* [Action item]
Retype each line exactly as it stands, beginning at the first line of the material and finishing with the line that contains "Taylor Swiftie Chiefs".

* [Supplied material]
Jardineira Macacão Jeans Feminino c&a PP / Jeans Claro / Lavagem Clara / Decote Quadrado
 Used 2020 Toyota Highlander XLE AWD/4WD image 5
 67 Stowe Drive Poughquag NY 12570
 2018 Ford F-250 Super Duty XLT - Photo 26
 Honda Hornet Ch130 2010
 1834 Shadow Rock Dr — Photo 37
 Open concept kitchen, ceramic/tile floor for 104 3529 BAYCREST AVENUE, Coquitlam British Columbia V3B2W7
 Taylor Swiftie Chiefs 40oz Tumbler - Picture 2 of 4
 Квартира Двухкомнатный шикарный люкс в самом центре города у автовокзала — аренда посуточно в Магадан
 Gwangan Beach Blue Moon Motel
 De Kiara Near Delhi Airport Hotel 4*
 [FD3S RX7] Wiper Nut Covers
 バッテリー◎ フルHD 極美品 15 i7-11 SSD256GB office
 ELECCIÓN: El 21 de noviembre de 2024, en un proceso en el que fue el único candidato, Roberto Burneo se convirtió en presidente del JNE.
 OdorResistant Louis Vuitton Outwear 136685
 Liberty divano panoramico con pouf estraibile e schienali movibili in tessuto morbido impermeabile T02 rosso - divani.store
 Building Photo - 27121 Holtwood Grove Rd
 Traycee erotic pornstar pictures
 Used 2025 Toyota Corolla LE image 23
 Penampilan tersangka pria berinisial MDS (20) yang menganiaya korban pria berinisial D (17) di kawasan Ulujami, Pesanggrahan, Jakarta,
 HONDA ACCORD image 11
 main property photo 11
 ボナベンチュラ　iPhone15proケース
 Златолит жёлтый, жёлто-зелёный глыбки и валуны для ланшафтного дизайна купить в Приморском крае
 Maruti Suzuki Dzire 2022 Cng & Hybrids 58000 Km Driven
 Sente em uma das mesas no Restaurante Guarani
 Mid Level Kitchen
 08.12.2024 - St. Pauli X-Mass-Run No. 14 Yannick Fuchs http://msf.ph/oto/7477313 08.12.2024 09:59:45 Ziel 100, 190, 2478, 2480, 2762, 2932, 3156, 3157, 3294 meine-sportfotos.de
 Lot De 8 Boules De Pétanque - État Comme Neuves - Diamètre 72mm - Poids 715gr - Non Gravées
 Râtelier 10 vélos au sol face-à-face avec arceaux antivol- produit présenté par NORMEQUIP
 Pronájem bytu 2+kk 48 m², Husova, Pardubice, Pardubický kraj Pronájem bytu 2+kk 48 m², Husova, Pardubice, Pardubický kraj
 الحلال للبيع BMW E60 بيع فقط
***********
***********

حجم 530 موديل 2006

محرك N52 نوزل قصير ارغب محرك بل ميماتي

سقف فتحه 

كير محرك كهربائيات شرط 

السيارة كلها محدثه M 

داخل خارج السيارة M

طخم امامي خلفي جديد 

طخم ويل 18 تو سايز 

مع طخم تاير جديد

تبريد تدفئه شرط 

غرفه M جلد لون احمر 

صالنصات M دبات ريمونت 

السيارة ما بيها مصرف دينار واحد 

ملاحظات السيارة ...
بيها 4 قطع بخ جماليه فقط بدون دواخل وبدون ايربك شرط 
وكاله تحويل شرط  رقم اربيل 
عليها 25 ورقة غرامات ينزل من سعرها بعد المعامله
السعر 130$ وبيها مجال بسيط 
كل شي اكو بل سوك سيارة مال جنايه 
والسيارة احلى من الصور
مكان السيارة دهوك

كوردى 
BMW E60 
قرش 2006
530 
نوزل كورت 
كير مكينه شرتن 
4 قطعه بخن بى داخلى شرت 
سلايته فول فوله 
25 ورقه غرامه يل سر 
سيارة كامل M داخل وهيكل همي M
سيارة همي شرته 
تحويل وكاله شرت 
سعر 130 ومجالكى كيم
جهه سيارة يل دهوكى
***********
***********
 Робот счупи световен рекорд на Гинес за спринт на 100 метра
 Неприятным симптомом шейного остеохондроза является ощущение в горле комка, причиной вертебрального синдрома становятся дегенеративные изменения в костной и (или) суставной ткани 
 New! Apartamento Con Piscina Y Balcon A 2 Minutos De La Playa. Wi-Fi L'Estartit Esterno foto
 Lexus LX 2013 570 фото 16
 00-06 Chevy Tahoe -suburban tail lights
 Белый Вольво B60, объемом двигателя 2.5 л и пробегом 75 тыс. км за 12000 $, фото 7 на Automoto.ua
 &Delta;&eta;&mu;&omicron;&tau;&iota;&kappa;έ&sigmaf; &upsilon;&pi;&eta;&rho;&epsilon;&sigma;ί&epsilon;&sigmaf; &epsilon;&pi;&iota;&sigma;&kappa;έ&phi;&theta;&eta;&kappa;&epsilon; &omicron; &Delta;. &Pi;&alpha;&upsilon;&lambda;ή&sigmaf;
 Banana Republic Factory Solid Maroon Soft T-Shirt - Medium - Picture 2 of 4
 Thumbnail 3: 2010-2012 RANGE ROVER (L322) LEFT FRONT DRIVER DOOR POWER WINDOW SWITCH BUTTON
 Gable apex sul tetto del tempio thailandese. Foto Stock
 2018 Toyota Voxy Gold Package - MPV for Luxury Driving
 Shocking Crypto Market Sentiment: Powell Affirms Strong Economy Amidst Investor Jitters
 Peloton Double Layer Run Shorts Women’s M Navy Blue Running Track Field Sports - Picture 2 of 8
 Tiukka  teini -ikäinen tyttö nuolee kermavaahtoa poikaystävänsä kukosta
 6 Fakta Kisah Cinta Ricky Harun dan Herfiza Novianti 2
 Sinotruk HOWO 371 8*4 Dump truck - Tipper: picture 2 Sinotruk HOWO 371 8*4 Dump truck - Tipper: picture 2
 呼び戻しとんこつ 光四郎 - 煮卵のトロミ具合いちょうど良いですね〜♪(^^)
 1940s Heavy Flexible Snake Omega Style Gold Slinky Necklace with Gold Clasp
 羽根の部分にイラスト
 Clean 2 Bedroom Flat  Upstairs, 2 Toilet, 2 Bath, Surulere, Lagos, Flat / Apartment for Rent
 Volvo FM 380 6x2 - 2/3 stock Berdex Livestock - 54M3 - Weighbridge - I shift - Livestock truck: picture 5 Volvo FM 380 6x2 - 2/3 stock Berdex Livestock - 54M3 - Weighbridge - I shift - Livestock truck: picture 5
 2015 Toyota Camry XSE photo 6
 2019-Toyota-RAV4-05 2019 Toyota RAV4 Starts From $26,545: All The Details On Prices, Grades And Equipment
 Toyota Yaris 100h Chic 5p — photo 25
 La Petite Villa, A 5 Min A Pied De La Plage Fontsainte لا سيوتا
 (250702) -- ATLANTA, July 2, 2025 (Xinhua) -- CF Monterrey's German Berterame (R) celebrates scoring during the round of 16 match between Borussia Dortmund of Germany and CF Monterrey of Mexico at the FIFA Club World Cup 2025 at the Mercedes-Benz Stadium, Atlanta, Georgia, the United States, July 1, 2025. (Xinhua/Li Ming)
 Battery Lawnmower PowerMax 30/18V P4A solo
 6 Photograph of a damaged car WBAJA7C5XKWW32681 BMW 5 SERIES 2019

* [Result of this exercise]
Jardineira Macacão Jeans Feminino c&a PP / Jeans Claro / Lavagem Clara / Decote Quadrado
 Used 2020 Toyota Highlander XLE AWD/4WD image 5
 67 Stowe Drive Poughquag NY 12570
 2018 Ford F-250 Super Duty XLT - Photo 26
 Honda Hornet Ch130 2010
 1834 Shadow Rock Dr — Photo 37
 Open concept kitchen, ceramic/tile floor for 104 3529 BAYCREST AVENUE, Coquitlam British Columbia V3B2W7
 Taylor Swiftie Chiefs 40oz Tumbler - Picture 2 of 4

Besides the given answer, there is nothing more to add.